Il pm Marco Dioni che ha condotto le indagini
Arezzo, 6 settembre 2016 - FORT KNOX story: cinque anni di inchiesta e di processo condensati in una sola udienza e in una requisitoria fiume (5 ore abbondanti). Alla fine, il conto che il Pm Marco Dioni presenta per il più colossale contrabbando d’oro mai scoperto verso la Svizzera (180 milioni ufficiali, ma ben 1,4 miliardi stimati) è relativamente modesto (pene fino a due anni e due mesi) ma il vero carico da undici sono le richieste di confisca: 30 milioni di euro, quanto i beni di cui era stato disposto il sequestro in fase di indagini preliminari. E’ la strada scelta dal magistrato che ha seguito il caso fin dall’inizio: non gravare troppo in termini di entità della condanna ma cercare di recuperare allo stato il più possibile di quanto evaporato attraverso il traffico clandestino.

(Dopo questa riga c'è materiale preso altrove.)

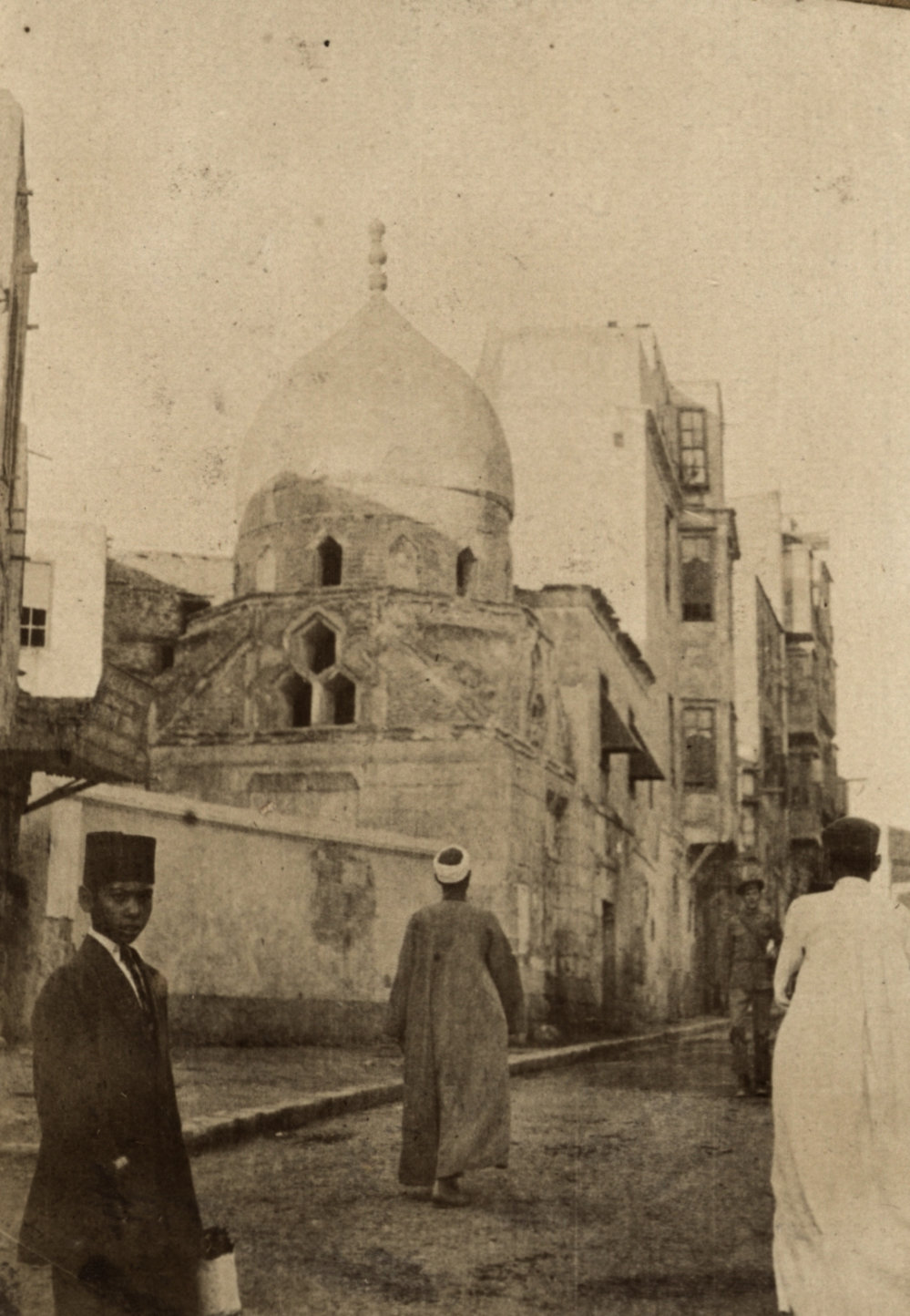 Photo from page 18 of album WWI Photograph Album- Nurses and Medical Services in Egypt and Gallipoli.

L’udienza preliminare in corso da mesi, del resto, si è già frammentata in più di un rivolo. Il più grosso è quello di quanti hanno chiesto il patteggiamento: 34 con tutti i protagonisti principali, da Petrit Kamata, l’imprenditore svizzero di origine albanese che gli inquirenti ritengono il capo dei capi del contrabbando, del quale tirava le fila da Chiasso, Michele Ascione, l’orafo aretino che è stato l’ultimo referente in loco di Kamata, e altri personaggi importanti del mondo dorato dei gioielli. Per loro Dioni ha chiesto che venissero giudicati equi gli accordi già raggiunti fra lui e gli avvocati difensori, con pene massime di due anni.
UN CASO a parte è quello di Andrea Squarcialupi, amministratore delegato di Chimet, il gigante di Badia al Pino. Lui ha ammesso di aver raffinato l’oro ma ha spiegato di non conoscerne la provenientenza illecita. Per l’accusa va bene l’accordo sulla messa in prova (un istituto mutuato dal diritto minorile) stilato con la difesa: se nel periodo in cui sarà sotto controllo il manager non incorre in altri illeciti, eviterà ogni conseguenza anche sulla fedina penale.

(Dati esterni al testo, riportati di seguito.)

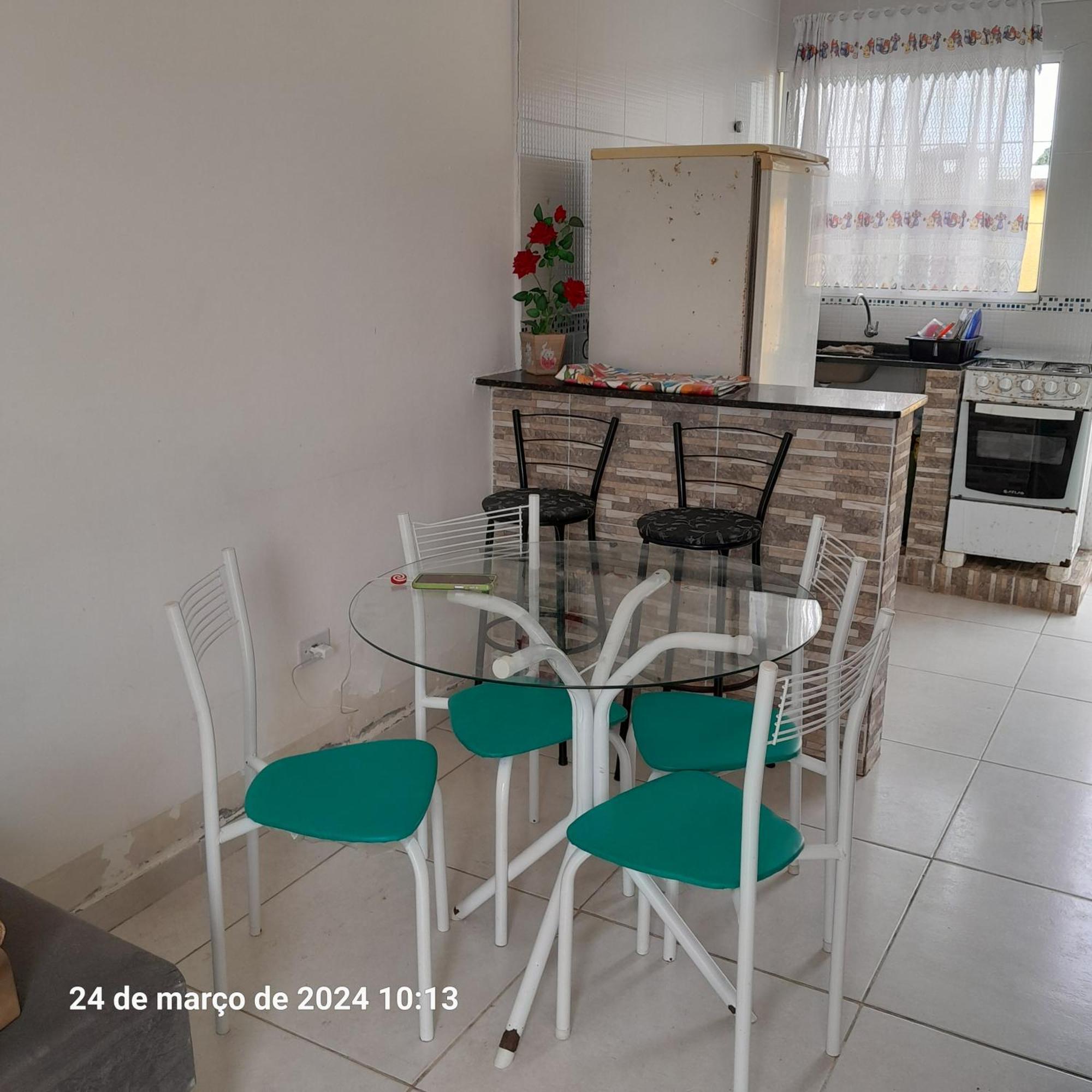 Villa Casa com piscina em Itanhaém Exterior foto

Ci sono poi i 19 che hanno scelto il rito abbreviato: il Pm ha sollecitato la condanna a due anni e due mesi di Fabio Vairo, che aveva un ruolo analogo a quello di Ascione, cioè il punto di riferimento degli orafi, per la zona di Napoli. Assoluzione invece per il figlio di Kamata, Matteo. A giudizio dell’accusa non ci sono prove sufficienti a suo carico. Infine gli otto che, convinti di cavarsela senza danni, hanno imboccato la strada del rito ordinario, cioè del processo pubblico. Per tutti Dioni ha chiesto il rinvio a giudizio.
UNA CONCLUSIONE giunta intorno alle cinque di sera, dopo che il Pm aveva ripercorso per ore la storia dell’inchiesta e delle presunte responsabilità di gran parte degli imputati. Comincia tutto, come sa chi ha seguito le indagini, con il fermo in A1 nell’estate 2011 di un napoletano, uno dei fratelli Pesce, sorpreso con un grosso carico d’oro. La Polstrada passa la palla alla Finanza e ben presto cominciano le intercettazioni che portano fino a Kamata e poi alla ricostruzione dell’intero traffico. In un primo momento i referenti aretini dello svizzero sono i Tremonte, famiglia di orafi, che nell’estate 2012 cedono il passo ad Ascione. E’ lui che viene sorpreso nell’ottobre 2012 a scambiarsi contanti contro oro per 2 milioni nella sua villa di Marciano. Poi il diluvio, ovvero il blitz di novembre con decine di perquisizioni e di sequestri. Il resto è la cronaca di un’udienza preliminare- processo giunta al momento clou. Sentenza il 4 ottobre.